(Reuters) - Devon Energy Corp (DVN.N) will buy oil-producing assets in Texas for $6 billion and plans to sell or otherwise monetize some of its natural gas-heavy holdings in response to investor criticism about its lack of exposure to more profitable crude.
The Oklahoma City-based company said it will buy privately held GeoSouthern Energy Corp’s core assets in the Eagle Ford shale region of south Texas for $6 billion in cash, as it seeks to revive investor interest in its shares.
Oil and gas deals have been slow in the United States in 2013, compared to previous years when companies like Exxon Mobil (XOM.N), Royal Dutch Shell (RDSa.L) and BHP Billiton Ltd (BHP.AX) poured billions into emerging shale assets.

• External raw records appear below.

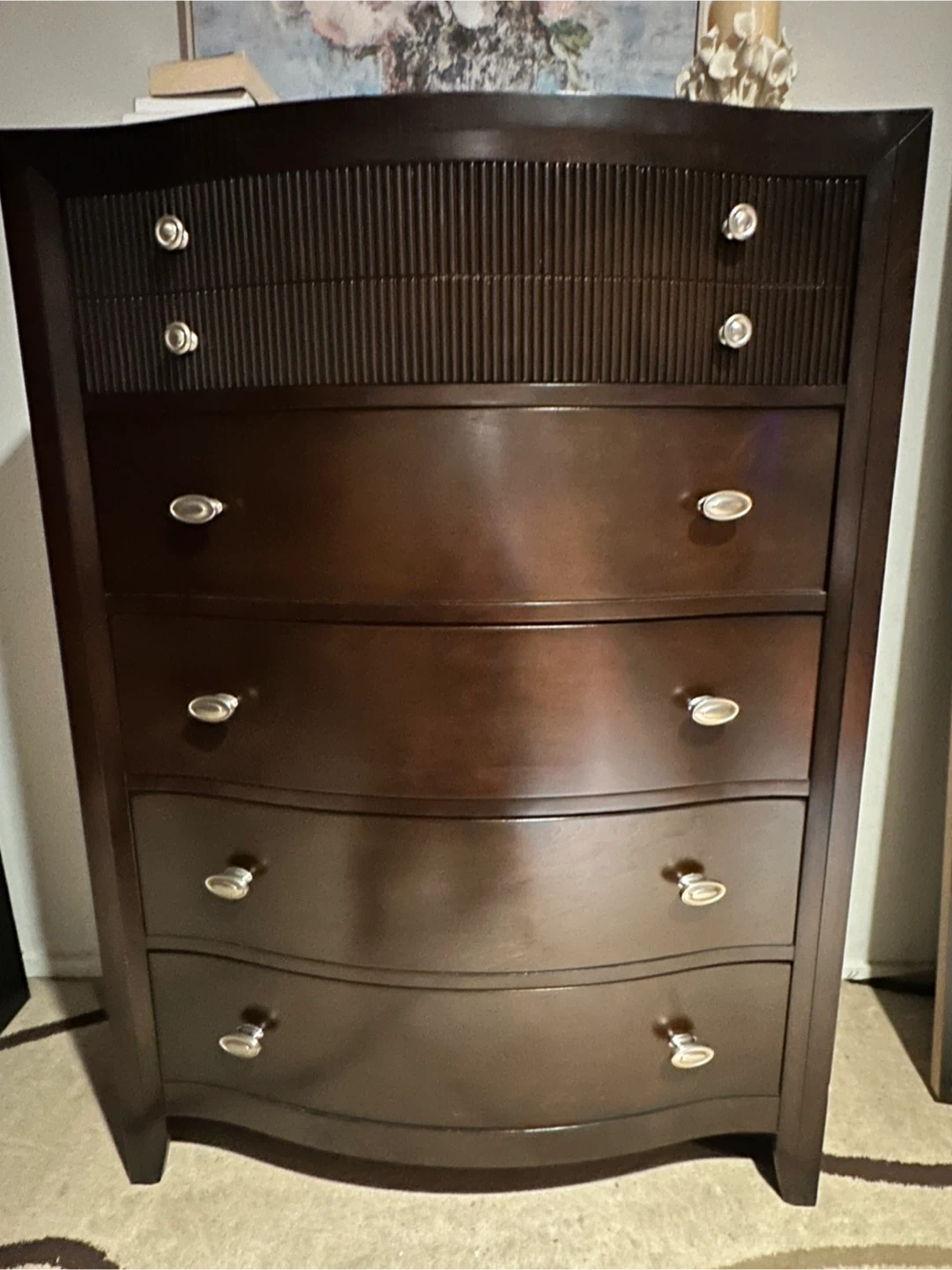 Dark Brown Wooden 5-Drawer Dresser - photo 5
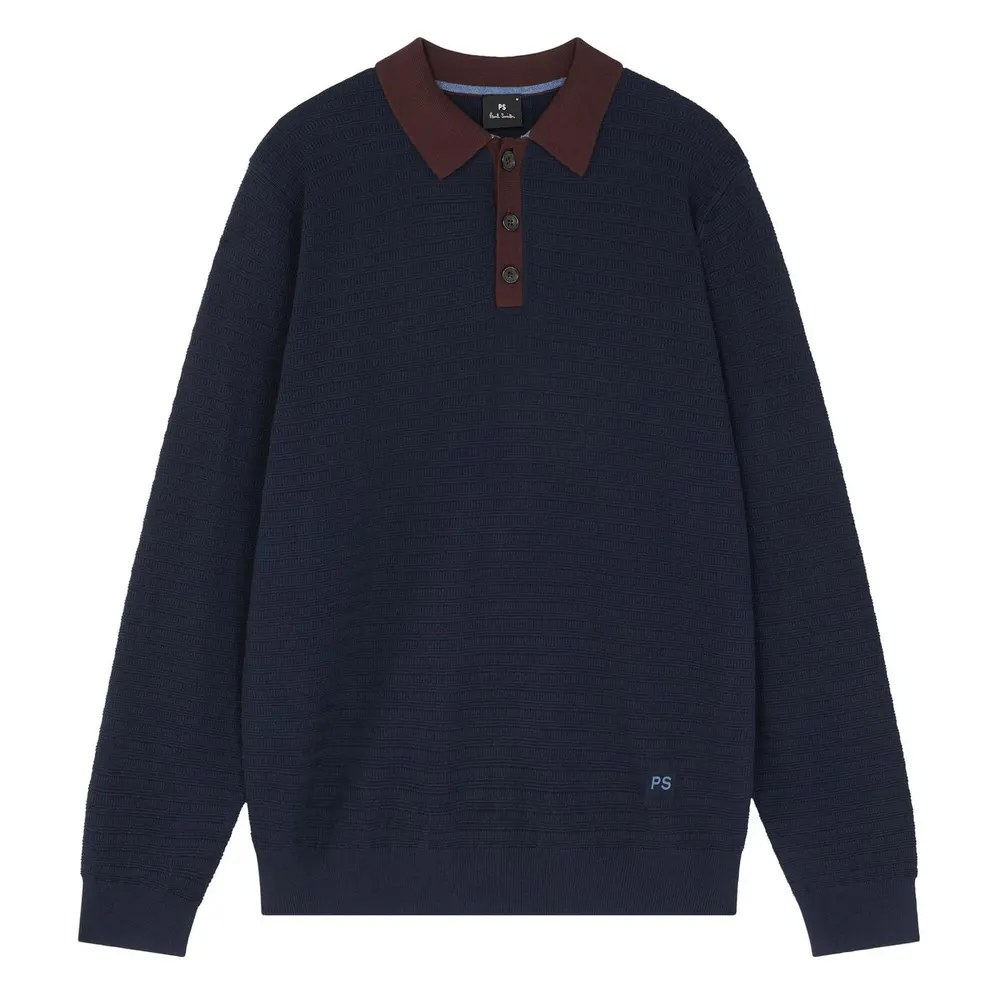 PS Paul Smith Men's Knitted Long Sleeve Polo Shirt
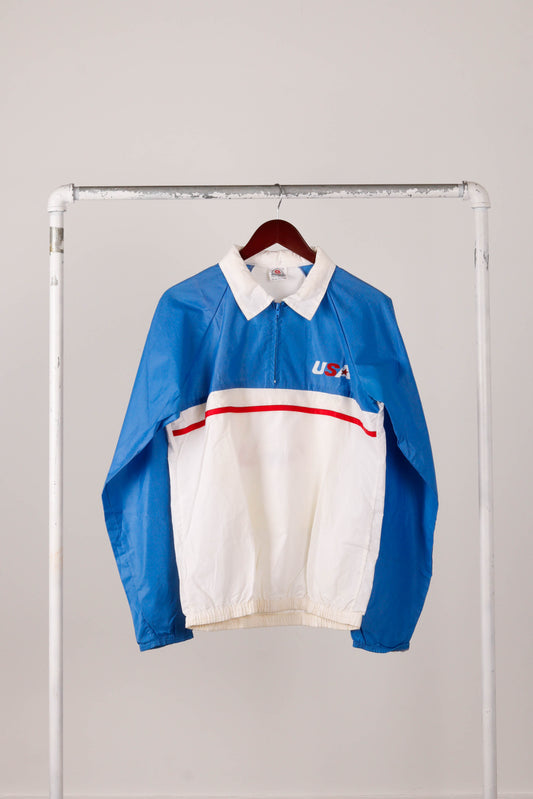 Vintage 1984 Team USA 'Olympic Games' 1/4 Zip Up Pullover Windbreaker Jacket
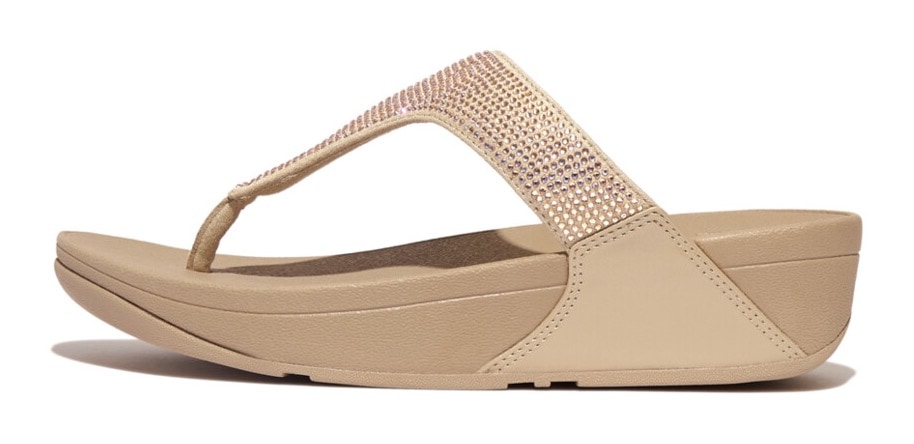 Fitflop Dianette »LULU CRYSTAL EMBELLISHED TOE-POST SANDALS - HOTFIX«, Keilabsatz, Sommerschuh, Zehentrenner mit weichem Zehensteg von FitFlop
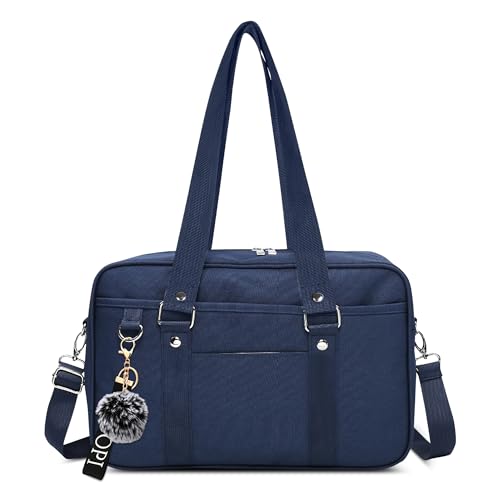 DEEVORCA Lässig Mode Damen Umhängetasche 13.3-Zoll-Laptop Computertasche Reisen Mehrere Taschen Handtasche Nylon Arbeiten Einkaufen Umhängetasche Laptoptasche Pompom-Dekoration Blau B von DEEVORCA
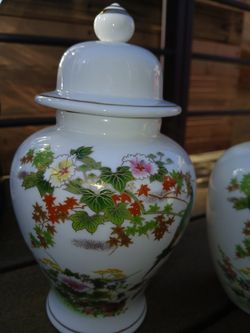 Otagiri Yamaji porcelain with a "double peacock in bamboo garden" pattern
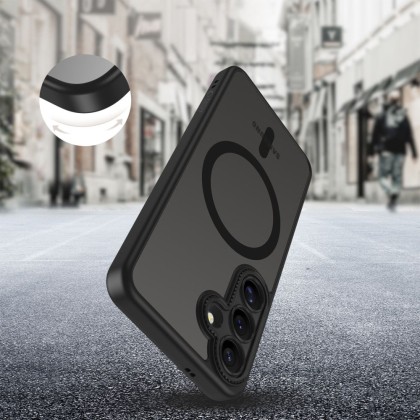 Кейс с MagSafe и защита на камерата за Samsung Galaxy S25 от Tech-Protect MagCam - Matte Black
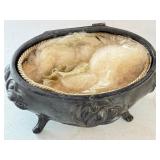 Set of 3 Antique Cast Metal Art Nouveau Jewelry Casket Boxes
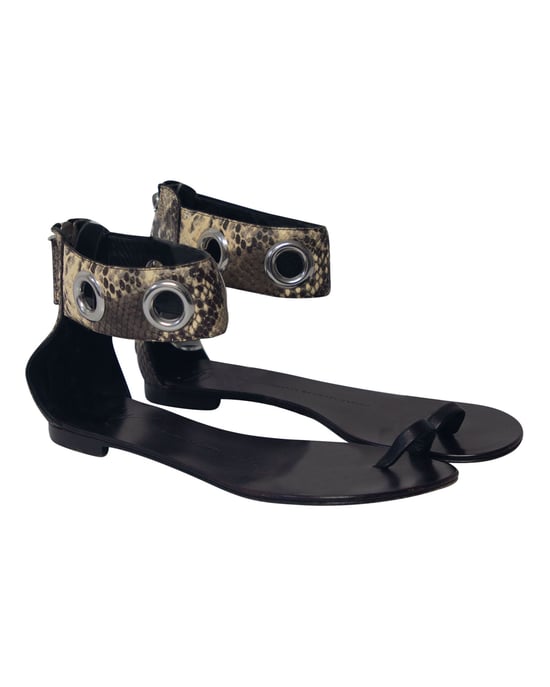 Giuseppe Zanotti Snakeskin Print Ankle Strap Flat Sandals in Black Leather - Image 3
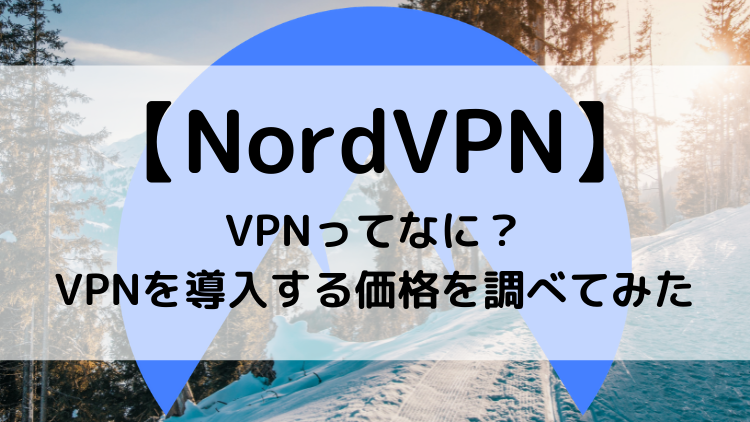 【NordVPN】VPNってなに？VPNを導入する価格を調べてみた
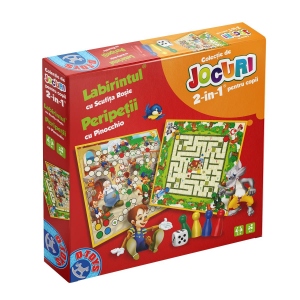 Jocuri pentru copii 2 in 1 - Labirintul cu Scufita Rosie, Peripetii cu Pinocchio
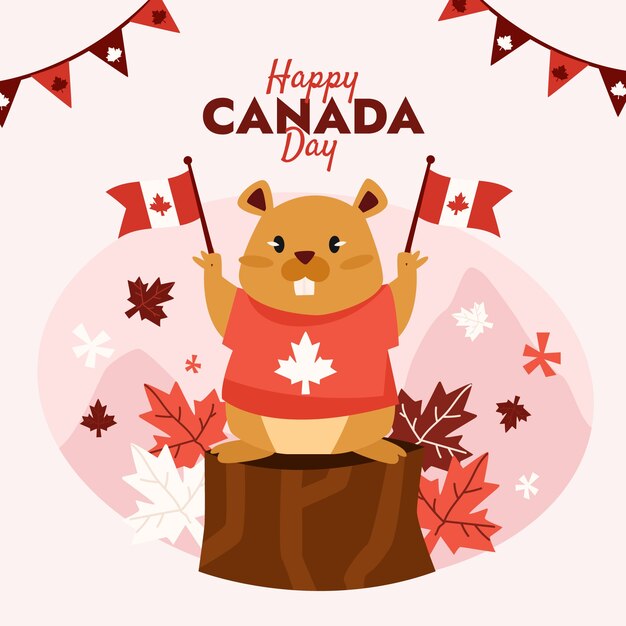 Ilustración plana para la celebración del día de canadá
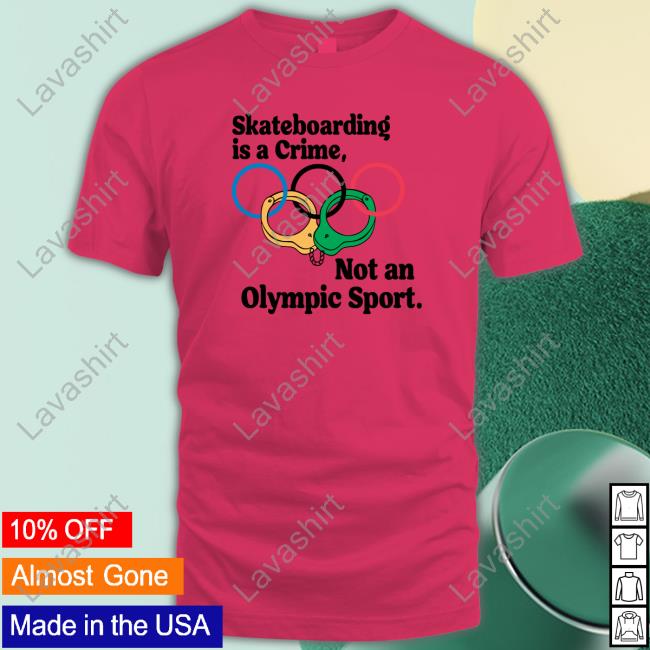 Official Skateboarding Is A Crime Not An Olympic Sport Hoodie White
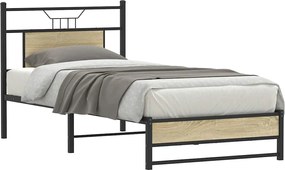 vidaXL Cadru pat fără saltea stejar sonoma, 90x190 cm, lemn prelucrat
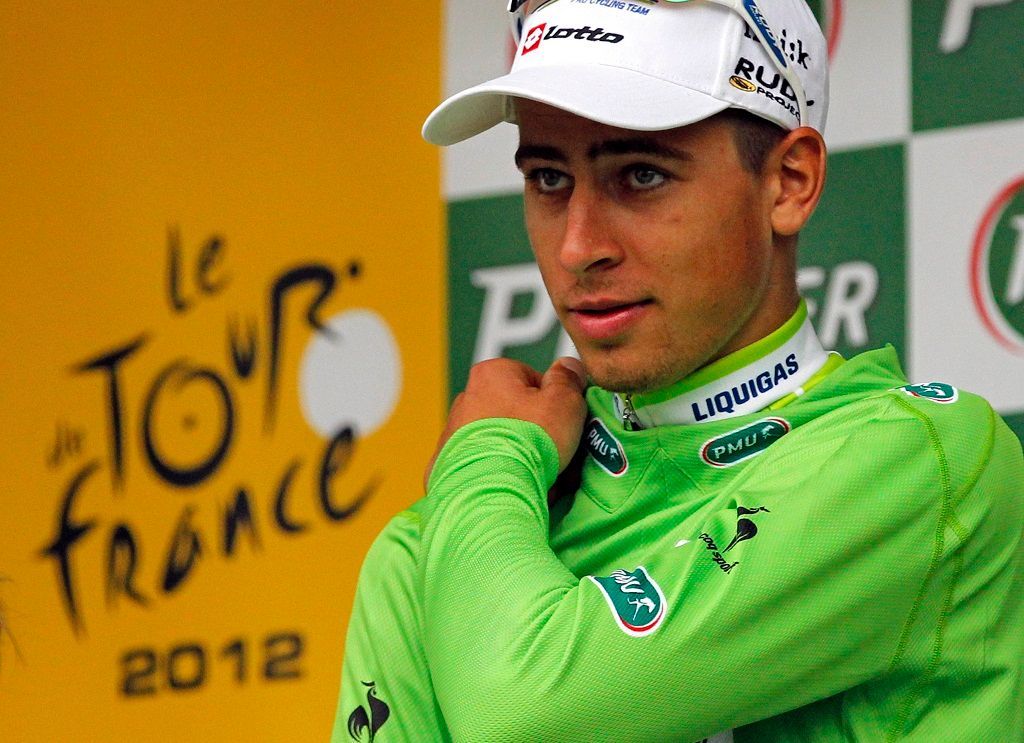 Peter Sagan v zeleném trikotu během 14. etapy Tour de France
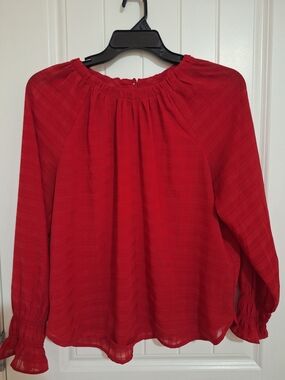 LOFT Red Long-Sleeve Peasant Blouse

Investors had worried that Devon did not have a position in some of the hottest U.S. shale formations, like the Eagle Ford.
Devon Chief Executive John Richels said after the GeoSouthern deal was announced that Devon was looking to sell or otherwise extract value from its conventional natural gas assets in Canada and other non-core assets in the U.S.
“The new Devon is a significant North American oil producer capable of delivering high rates of growth in high-margin oil production while generating free cash flow,” Richels said on a conference call with investors.
Shares of Devon Energy were barely lower in Wednesday afternoon trading, down five cents to $62.72.
The company said the assets it was buying currently produce 53,000 barrels of oil equivalent (BOE) per day over 82,000 net acres.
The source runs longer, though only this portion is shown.